__WORK REQUEST__:
Return the data below exactly, but only from the line containing "Photo #1: OC25245408 Listing" through the line containing "Collier personnalisé avec", with both of those lines included.

__EXCERPTED RECORDS__:
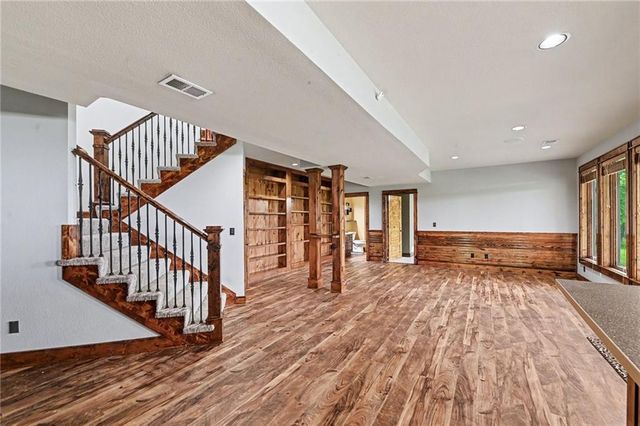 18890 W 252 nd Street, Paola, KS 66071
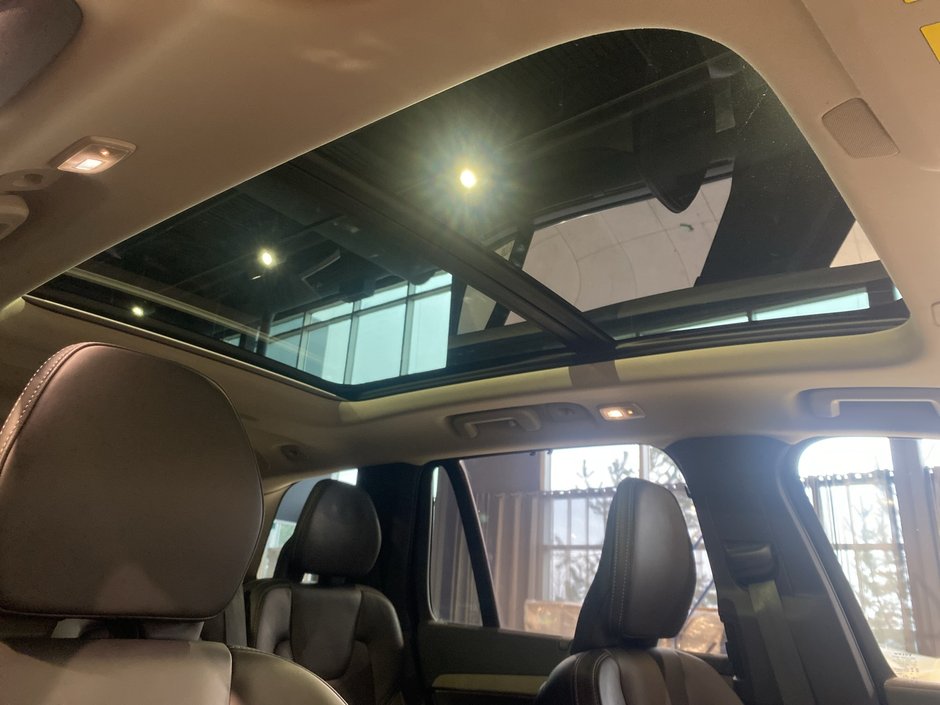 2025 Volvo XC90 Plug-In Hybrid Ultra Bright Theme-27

==

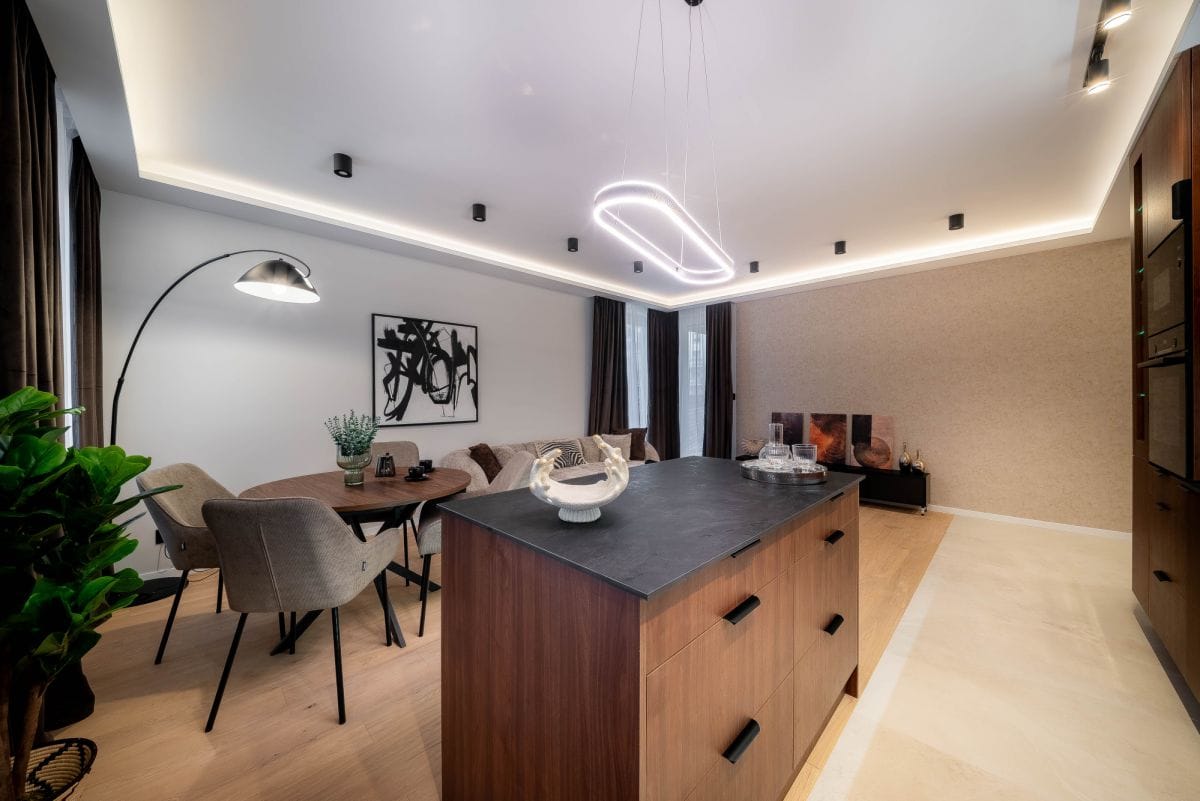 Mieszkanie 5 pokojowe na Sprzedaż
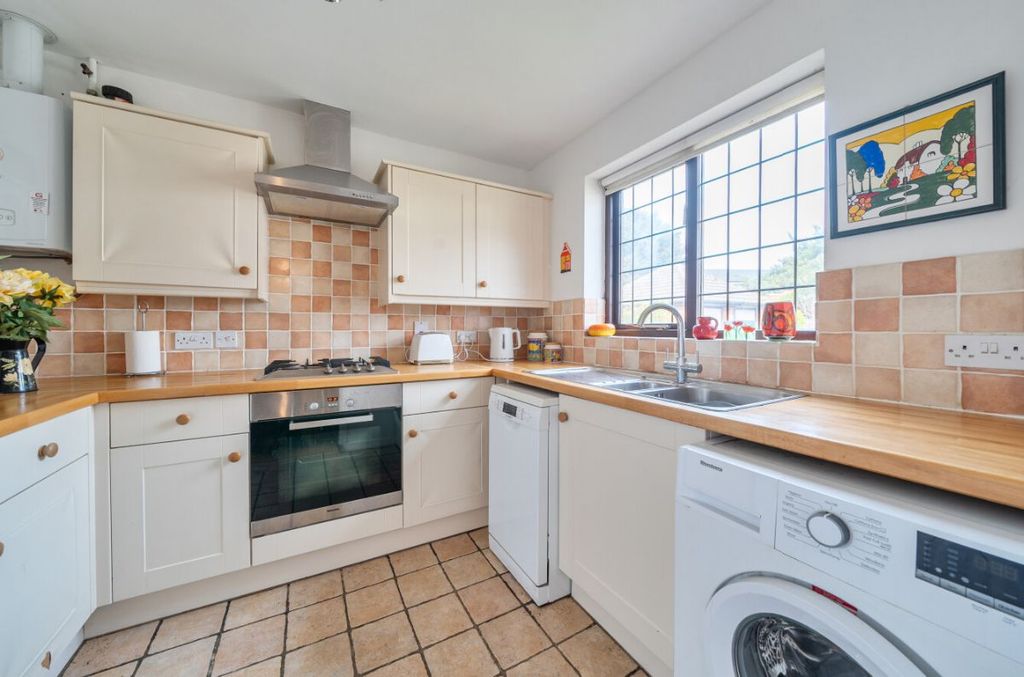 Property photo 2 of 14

* * *

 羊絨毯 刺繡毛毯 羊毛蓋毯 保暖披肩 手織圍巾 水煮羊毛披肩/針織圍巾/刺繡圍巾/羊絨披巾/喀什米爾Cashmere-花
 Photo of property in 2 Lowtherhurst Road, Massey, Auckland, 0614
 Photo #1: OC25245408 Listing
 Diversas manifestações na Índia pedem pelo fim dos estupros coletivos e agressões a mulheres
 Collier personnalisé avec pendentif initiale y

__YOUR RESPONSE__:
 Photo #1: OC25245408 Listing
 Diversas manifestações na Índia pedem pelo fim dos estupros coletivos e agressões a mulheres
 Collier personnalisé avec pendentif initiale y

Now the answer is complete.